----- Provided data -----

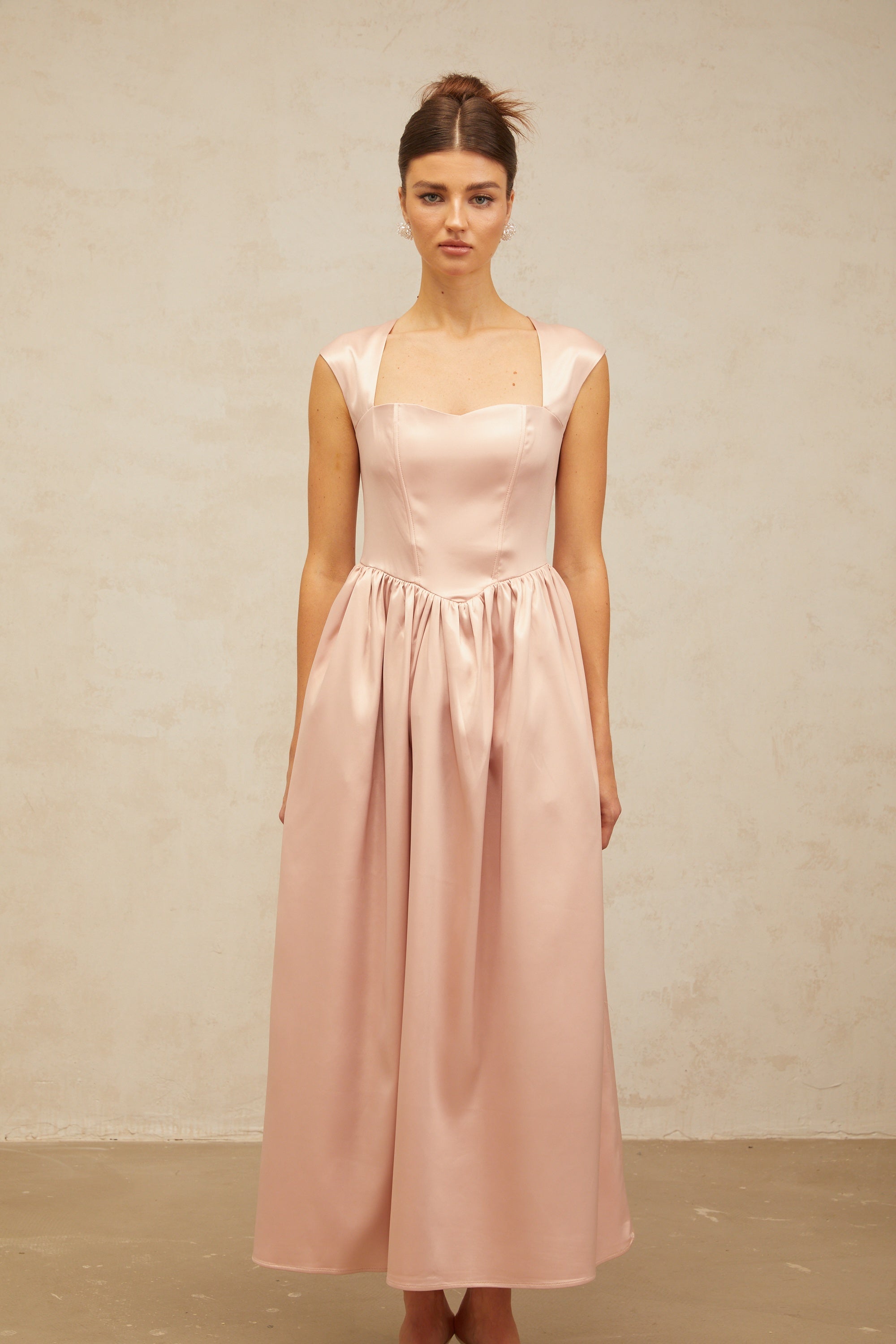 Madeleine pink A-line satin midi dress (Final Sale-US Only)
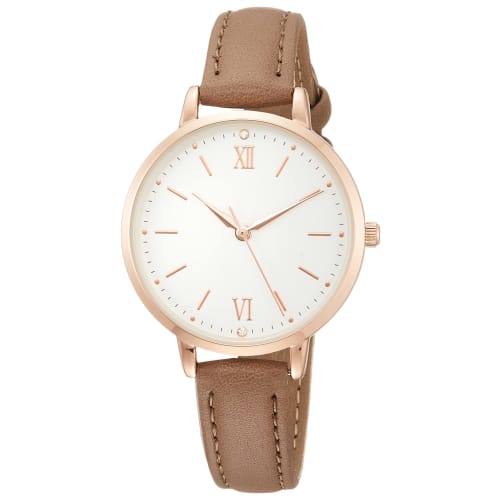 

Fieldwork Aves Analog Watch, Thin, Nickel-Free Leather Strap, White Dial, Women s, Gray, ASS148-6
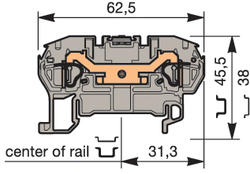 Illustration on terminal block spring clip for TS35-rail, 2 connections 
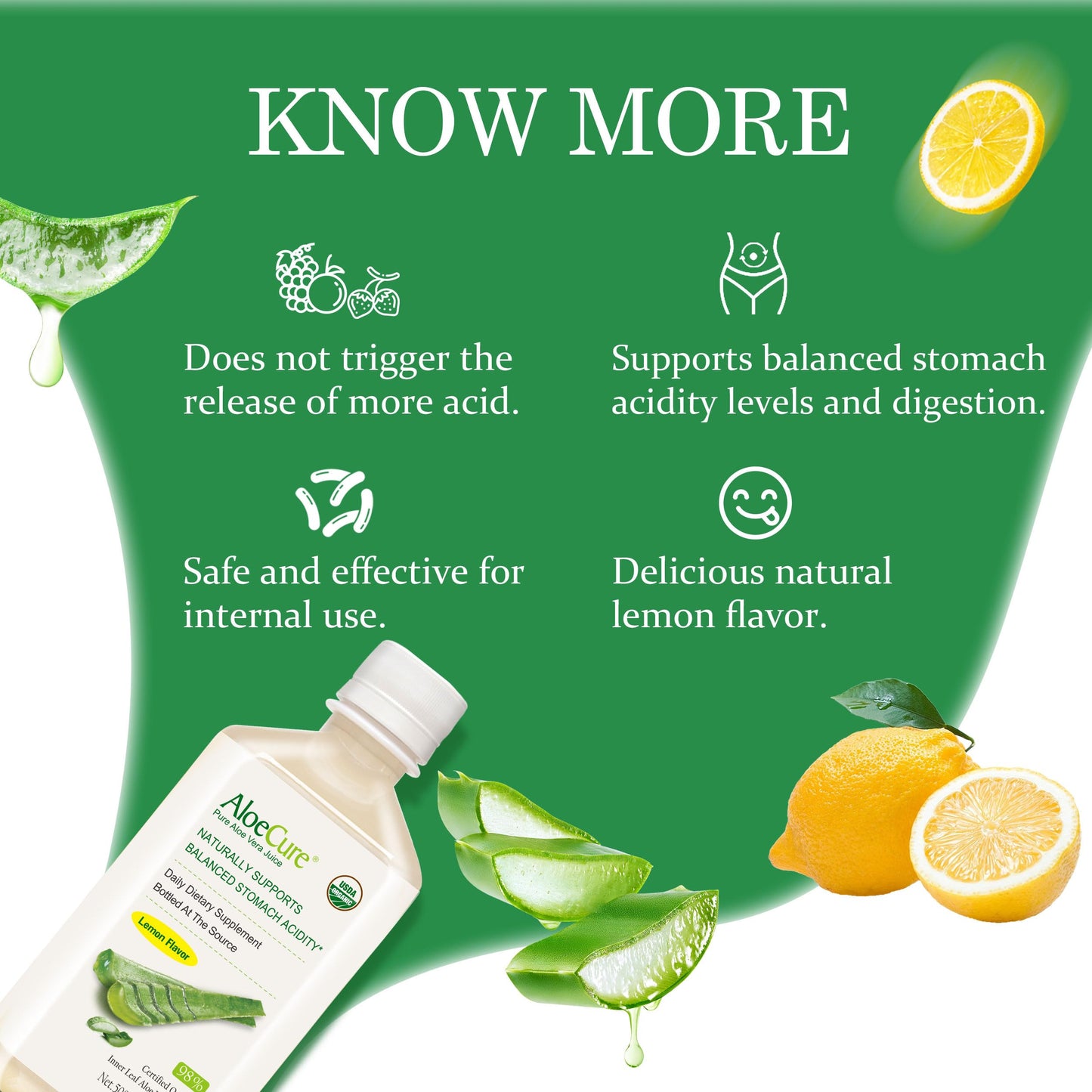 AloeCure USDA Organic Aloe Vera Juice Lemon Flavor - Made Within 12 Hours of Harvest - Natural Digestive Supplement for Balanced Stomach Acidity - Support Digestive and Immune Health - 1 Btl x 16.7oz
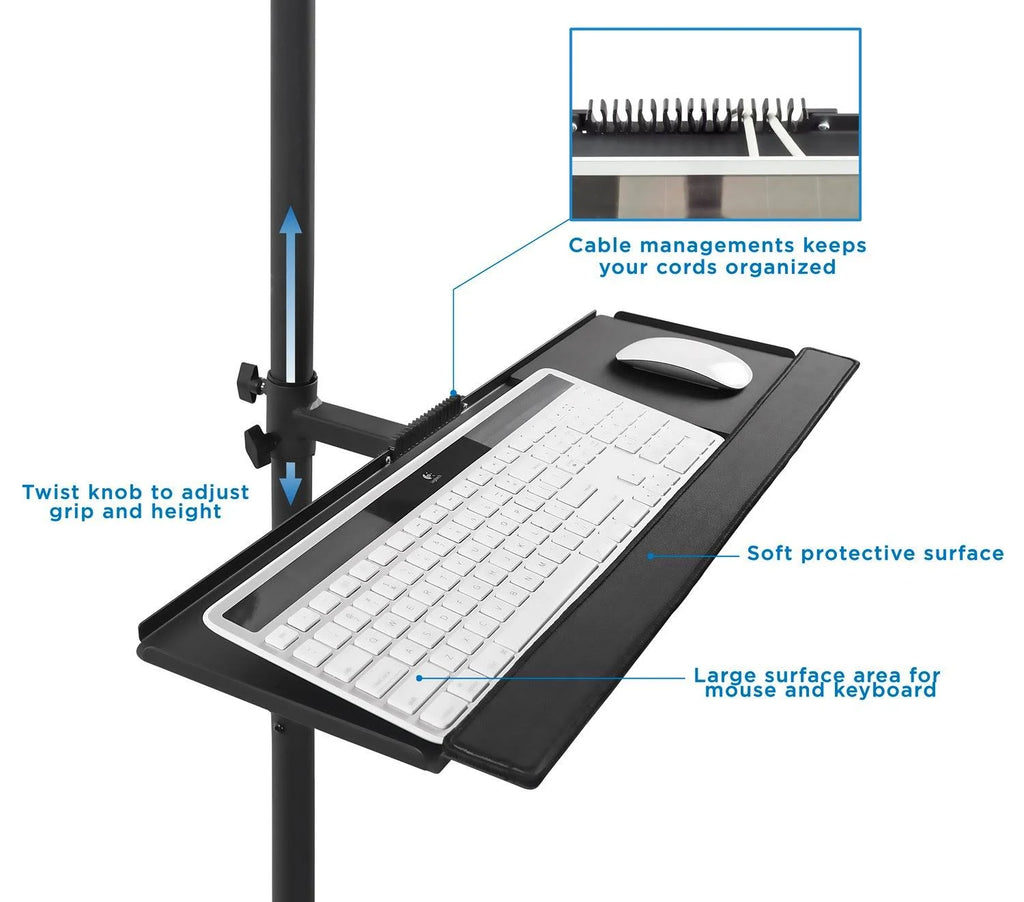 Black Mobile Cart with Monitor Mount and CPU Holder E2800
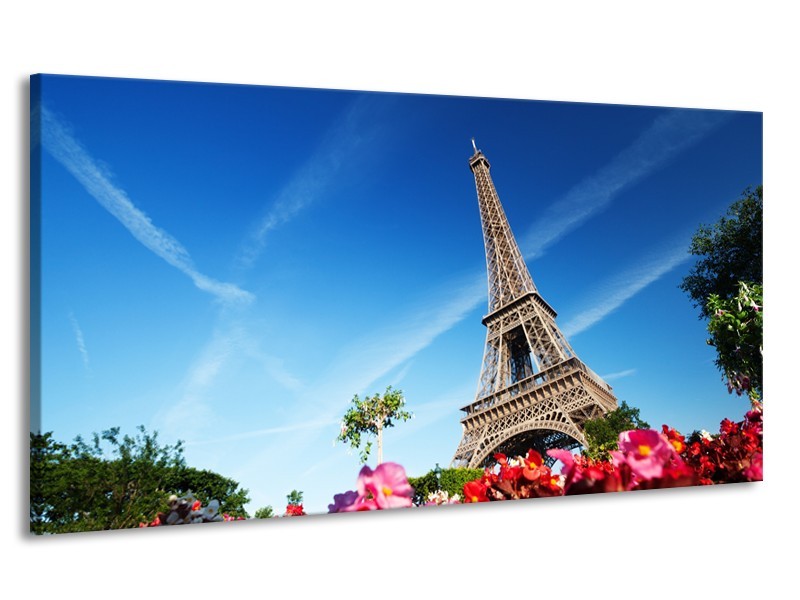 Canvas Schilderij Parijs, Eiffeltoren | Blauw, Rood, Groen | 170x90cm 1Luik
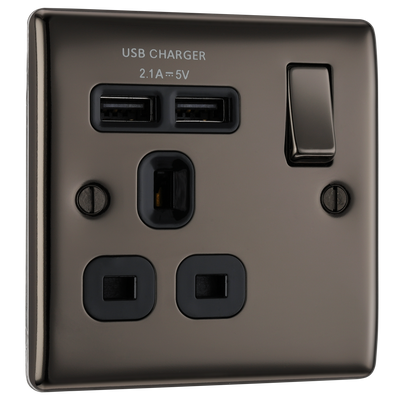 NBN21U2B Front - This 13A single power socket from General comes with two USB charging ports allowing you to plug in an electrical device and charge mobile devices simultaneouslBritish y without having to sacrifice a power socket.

-----
----- Provided data -----

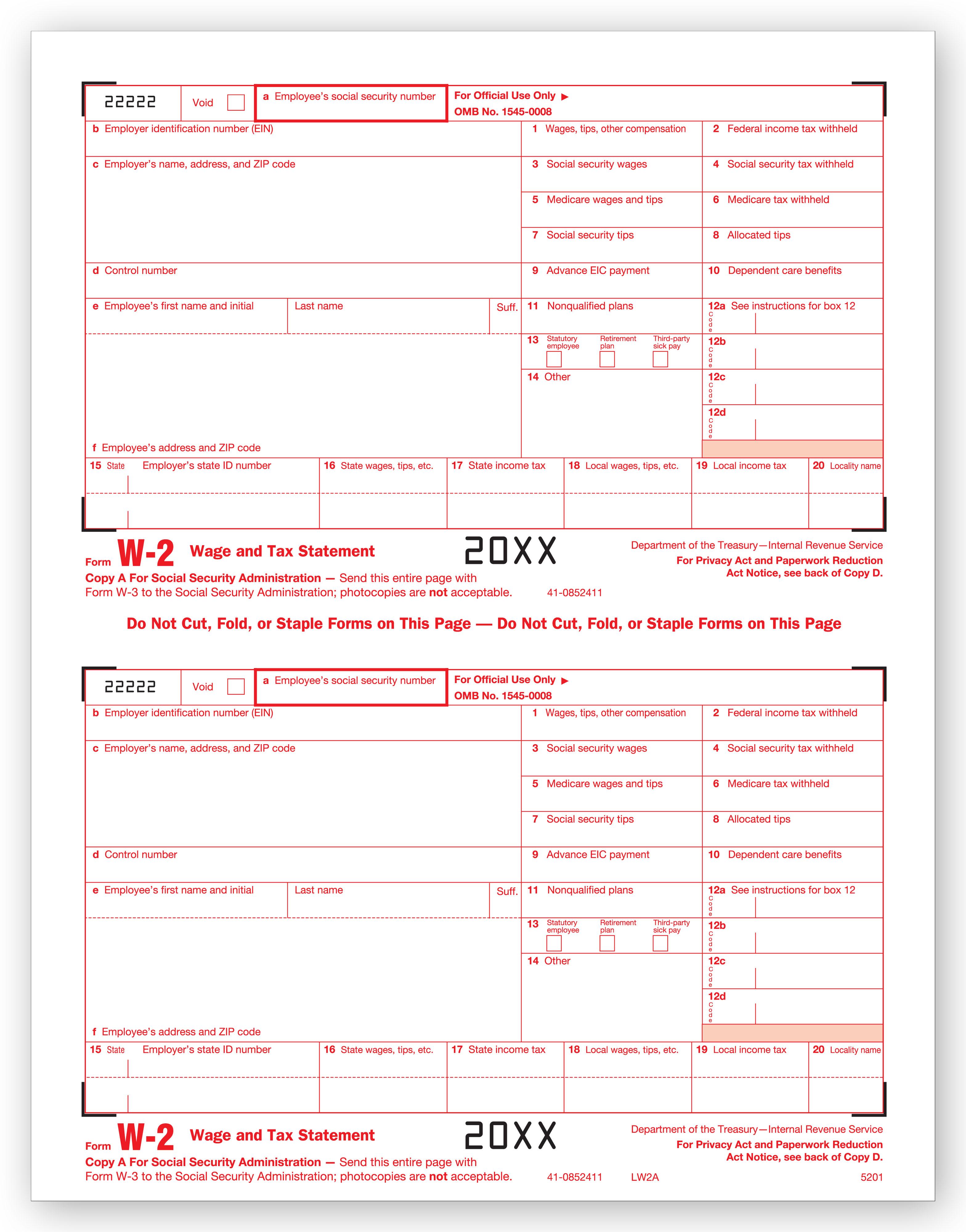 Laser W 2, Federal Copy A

-----
----- Provided data -----

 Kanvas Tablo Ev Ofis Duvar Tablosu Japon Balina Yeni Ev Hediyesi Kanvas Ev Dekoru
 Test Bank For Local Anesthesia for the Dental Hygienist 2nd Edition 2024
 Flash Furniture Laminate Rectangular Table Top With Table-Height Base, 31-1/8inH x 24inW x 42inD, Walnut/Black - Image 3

-----

• Brief
When you reach the line with "Kanvas Tablo Ev" in the records above, start writing out lines exactly, and stop once the line with "Flash Furniture Laminate" has been written; include nothing else.

• Exercise answer
 Kanvas Tablo Ev Ofis Duvar Tablosu Japon Balina Yeni Ev Hediyesi Kanvas Ev Dekoru
 Test Bank For Local Anesthesia for the Dental Hygienist 2nd Edition 2024
 Flash Furniture Laminate Rectangular Table Top With Table-Height Base, 31-1/8inH x 24inW x 42inD, Walnut/Black - Image 3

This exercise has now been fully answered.